■ Task goal:
The expected result is the segment of the entries that begins with the line containing "Name: ASK18 002.jpg" and ends with the last line, copied verbatim.

(Extracted data entries)
----
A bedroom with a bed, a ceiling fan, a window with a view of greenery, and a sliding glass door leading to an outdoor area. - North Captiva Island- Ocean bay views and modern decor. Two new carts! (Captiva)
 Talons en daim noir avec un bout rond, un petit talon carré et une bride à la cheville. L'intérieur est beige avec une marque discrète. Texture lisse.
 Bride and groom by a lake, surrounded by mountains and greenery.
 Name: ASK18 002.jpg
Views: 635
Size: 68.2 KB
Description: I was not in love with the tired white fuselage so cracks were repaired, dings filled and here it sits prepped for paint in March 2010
----
■ Solved exercise:
 Name: ASK18 002.jpg
Views: 635
Size: 68.2 KB
Description: I was not in love with the tired white fuselage so cracks were repaired, dings filled and here it sits prepped for paint in March 2010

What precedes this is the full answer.